Getting a Better Return on Anti-Extremism Investments

New bipartisan legislation would unify efforts to aid fragile states.

Ggraffiti on a barrier wall of the Ministry of Women's Affairs to mark International Women's Day, in Kabul, Afghanistan on March 8
AP Photo/Rahmat Gul
April 23, 2019, 8 p.m.

Since 9/11, the United States has spent more than $5.9 trillion on anti-terror operations around the globe. Meanwhile, a hodgepodge of government agencies have poured millions of dollars more into various post-conflict stabilization efforts in the Middle East and Africa meant to combat extremism before it manifests itself as terrorism. New legislation would bring them under a single framework, a high-level policy change that supporters said will make aid programs more efficient and effective.

Under the proposed architecture, the State Department, the United States Agency for International Development, and the Defense Department would tag six “priority” regions that show early warnings of “violence, conflict, and fragility,” and implement 10-year plans for addressing the fragility in each. The effort is meant to address the root causes of violence and extremism, such as corruption, poverty, and poor governance.

“A key lesson from conflicts in fragile states is that they provide fertile recruiting ground for terrorists and transnational criminal organizations,” said Rep. Michael McCaul at a House Foreign Affairs Committee markup early this month while adding that the U.S. needs to do more “in terms of prevention.” The legislation passed through the committee on a voice vote.

The United States funds post-conflict state-building and stabilization efforts in Iraq, Afghanistan, and elsewhere through the State Department’s Relief and Recovery Fund.
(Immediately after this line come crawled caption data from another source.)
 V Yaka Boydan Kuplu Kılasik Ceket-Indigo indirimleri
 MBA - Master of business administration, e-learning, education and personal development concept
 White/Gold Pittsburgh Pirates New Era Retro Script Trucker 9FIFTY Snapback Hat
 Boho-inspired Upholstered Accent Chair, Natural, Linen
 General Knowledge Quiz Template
The House bill would dissolve that fund, transfer unobligated money to the new “Stabilization and Prevention Fund,” and authorize appropriators to send $200 million annually to the new account. The initiative would also receive $30 million per year from the State Department’s Complex Crises Fund.
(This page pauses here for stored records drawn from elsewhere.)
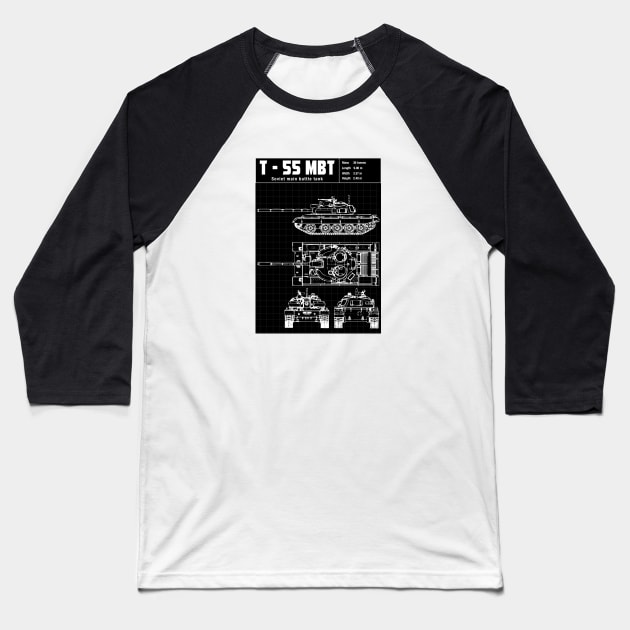 T-55 TANK Baseball T-Shirt by theanomalius_merch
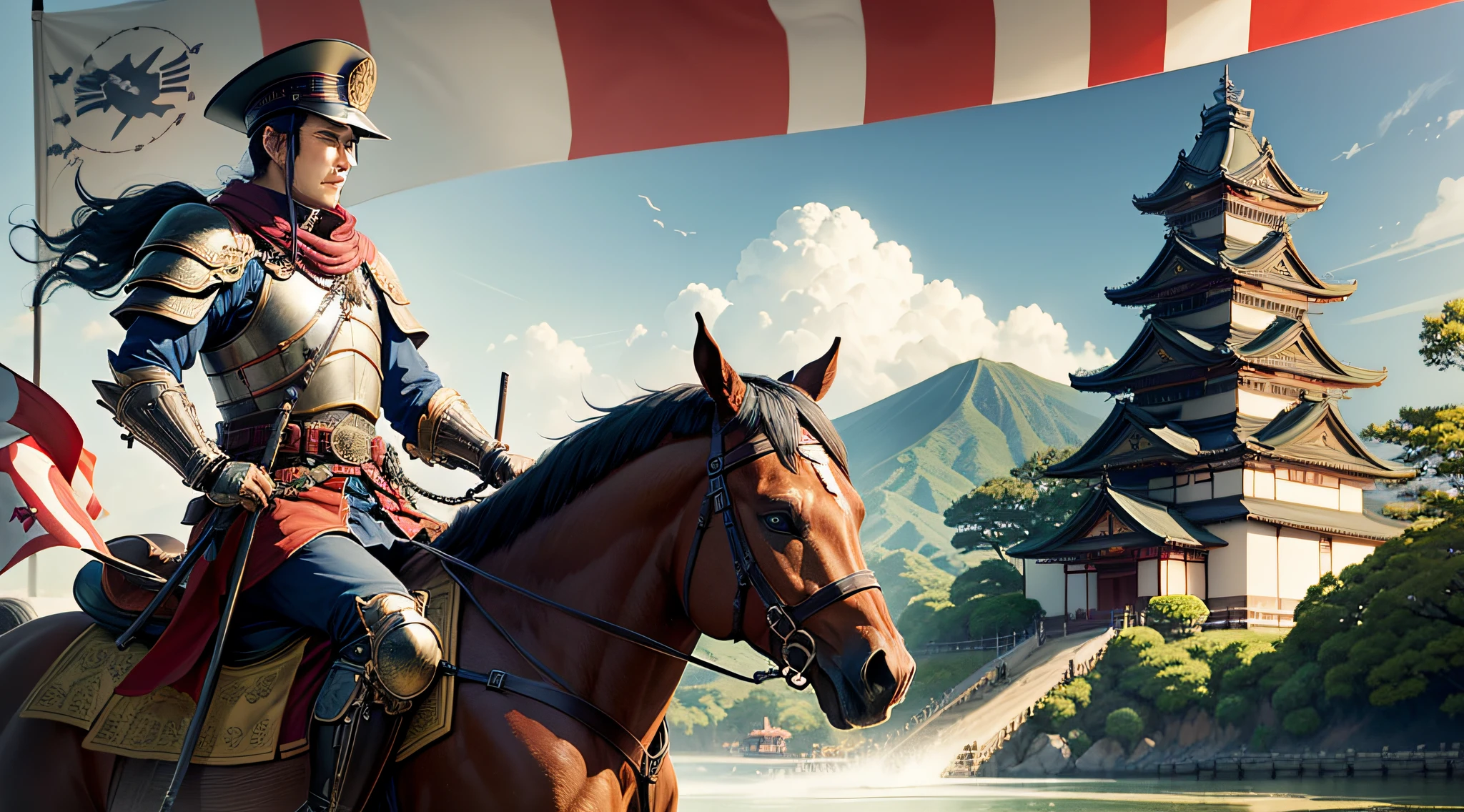 There is a man on a horse with a flag, japanes、family crest、Japanese armor、Japanese castle、Battle of Japan、jpn、jpn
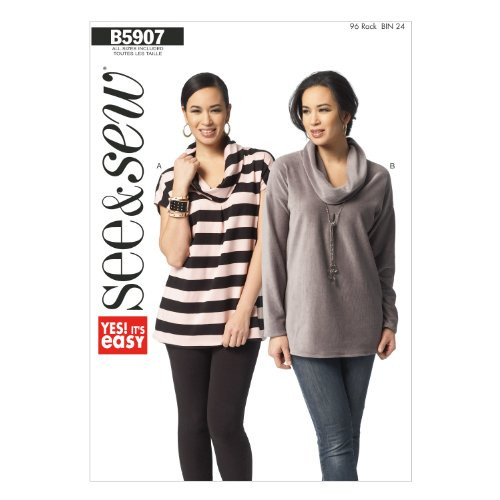 BUTTERICK PATTERNS B5907 Misses' Top Sewing Template, Size A in One Envelope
Supporters say the legislation is evidence that lawmakers have finally begun to understand the link between state fragility and extremism and violence. The bill largely tracks with the recommendations laid out in a United States Institute of Peace report commissioned by Congress in 2017 to look into “the underlying causes” of extremism in fragile states in the Sahel, Horn of Africa, and the Near East.

“I think the difference is it becomes really an overarching public policy and strategy that would drive decisions, and funding,” said Susan Reichle, an advisor to the USIP task force and president of the International Youth Foundation. “And that’s honestly what was lacking.”

Sen. Lindsey Graham, who chairs the Subcommittee on Africa and Global Health Policy, plans to mark up the Senate version after April recess. That bipartisan bill was introduced by Democrat Chris Coons, and cosponsored by Republicans Marco Rubio and Todd Young and Democrat Jeff Merkley.

“I think we need to re-tailor our programs to prevention, the whole of government—State Department, USAID, DoD,” Graham told National Journal. “We’re spending a lot of money fighting terrorism; we need to spend more money preventing terrorism.”

Development experts broadly support the plan, although several were skeptical that it would appreciably alter how the United States handles foreign assistance absent other reforms. Andrew Natsios, who led USAID under President George W. Bush, said he spearheaded a similar push to address state fragility in the early 2000s.

“This is a good initiative, I support it—but it sort of ignores the fact that this stuff has been going on for a very long time,” said Natsios. “If Congress is buying [into] ... what we tried to do 15, 17 years ago ... then I think it’s a wonderful thing. But the assumption that USAID didn’t do this a long time ago is simply not true.”

Natsios said unnecessary oversight from Washington continues to bog down aid programs. And he was concerned that the Pentagon and State Department may end up dominating the interagency initiative, a dynamic Natsios said he experienced firsthand when USAID was forced to build a power grid in Kabul to support Hamid Karzai’s reelection, but which the Afghan government was unprepared to maintain.

“Frankly, the biggest problem is that … DOD and State ask for USAID to do things that don’t make any sense from a development standpoint,” said Natsios.

Supporters of the legislation disputed Natsios’s concern that the process would be dominated by the Pentagon.

“I think it’s pretty clear that State is in the lead, and that USAID’s role is development and that they are the lead agency there. And that [the Defense Department] pretty clearly, I think throughout the bill, is identified as playing a supporting role, when necessary for purposes of security,” said one House Foreign Affairs committee staffer.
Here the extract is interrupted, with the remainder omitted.